It is interesting to reflect on the difference between the 2003 Gulf War and the current Iran war on the impact of oil flow through the Strait of Hormuz and the potential impact on share markets.

The Strait of Hormuz has long been one of the most important chokepoints in the global energy system. Sitting between the Persian Gulf and the Gulf of Oman, it acts as the narrow maritime gateway for oil exports from the Middle East to the rest of the world. For decades, the flow of oil through this passage has shaped global energy prices and influenced the behaviour of financial markets, particularly in Asia and the West. The way those markets react today is very different from how they responded in the early 2003.

Western economies were far more sensitive to disruptions in Middle Eastern oil exports. In 2003, around 14M barrels of oil per day passed through the Strait of Hormuz. This was 40% of the World’s oil demand. Most of this went to the US and Europe.

Western share markets tend to respond sharply to large increases in oil price prices. Higher oil prices translate into rising costs for transport, manufacturing, and consumer goods. Companies in sectors such as airlines, logistics, and heavy industry were particularly exposed in 2003. Equity markets often fell when geopolitical tensions threatened the Strait of Hormuz because investors expected higher energy costs to slow economic growth and compress corporate margins.

Asian markets in 2003 were affected as well, but the scale of their dependence on Middle Eastern oil was not as high as it is today. China’s economy was growing rapidly, but had not yet become the world’s largest importer of crude. India’s energy demand was expanding, but remained smaller relative to developed economies. Japan and South Korea relied heavily on Middle Eastern oil, yet their overall share of global demand was smaller compared with Asia’s position two decades later.

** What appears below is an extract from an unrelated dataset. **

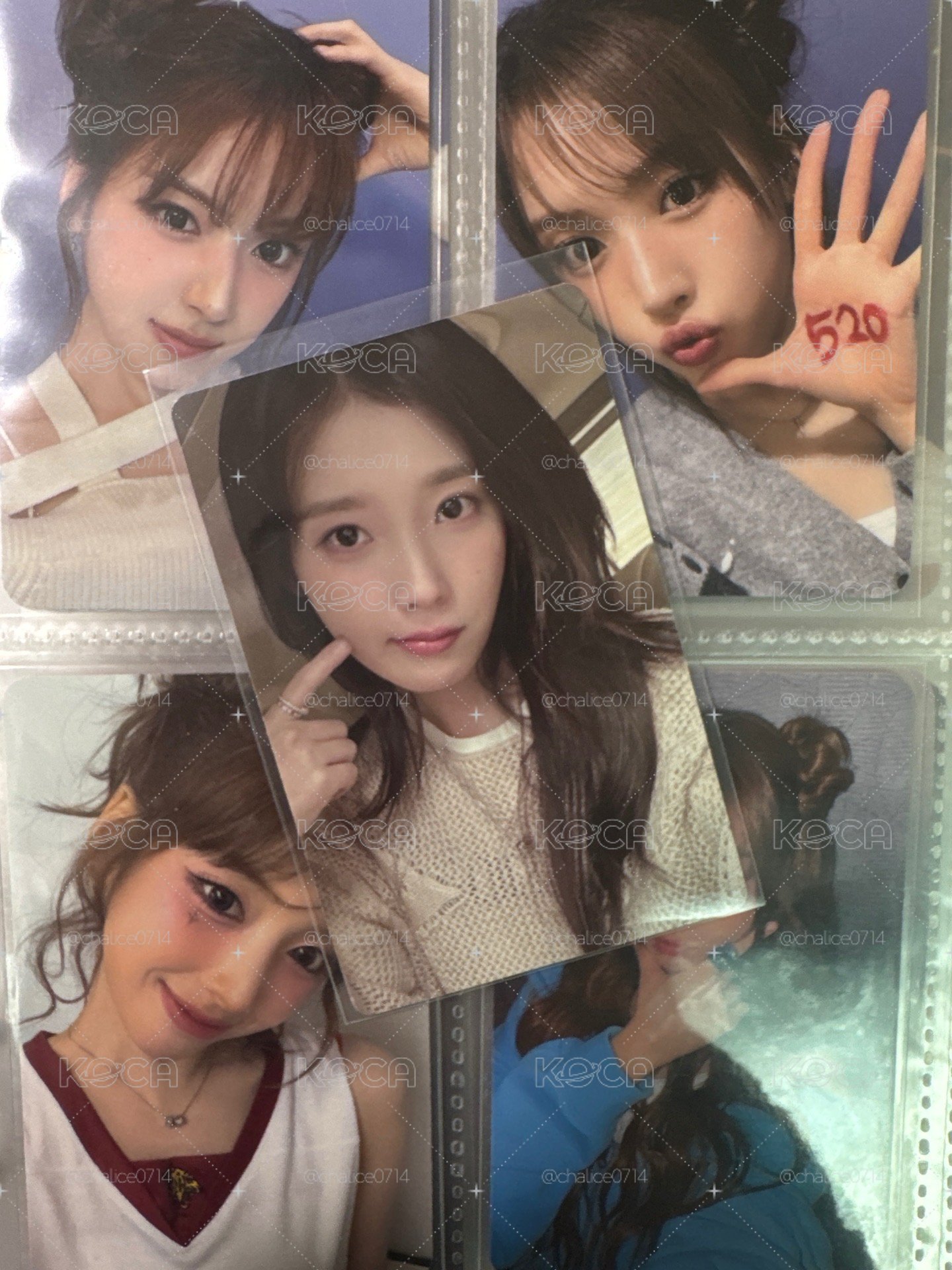 24’ 安可演唱會 演唱會 DVD / CD 卡 BD卡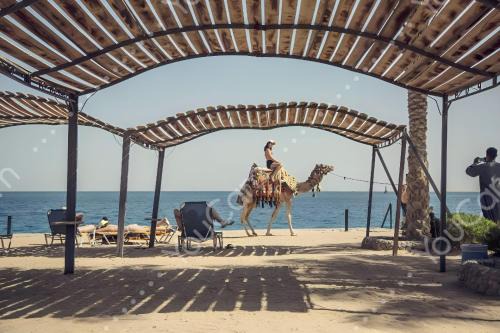 Dahar Hotel | Al Dora Residence Suites Hurghada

Over the past twenty years the geography of global oil demand has changed dramatically. In 2025 only around 20% of the world’s oil consumption passed through the Strait of Hormuz, around 20M barrels per day. Of this 85% went to Asia, with China, India, Japan, and South Korea accounting for the majority of this demand. Asian share markets are now far more exposed to disruptions in Gulf oil exports than they were in the early 2003.  If tensions in the region threaten tanker traffic or push crude prices sharply higher, the impact on Asian corporate costs and economic growth expectations can be immediate.

This does not mean that Western markets are immune to disruptions. Oil remains a globally traded commodity, and price spikes caused by geopolitical tensions can ripple through all economies. Higher crude prices can raise transportation costs, increase inflation, and influence central bank policy in both Europe and North America.

Another important difference between 2003 and today is the scale of financial market integration. Two decades ago, emerging Asian markets were less deeply connected to global capital flows. Today they represent a much larger share of global equity indices and attract substantial international investment. Because of this, shocks affecting Asian energy security can now transmit quickly into global equity sentiment. A disruption in oil flows through the Strait of Hormuz could therefore have a larger effect on Asian equity indices, which in turn can influence investor behaviour in Western markets.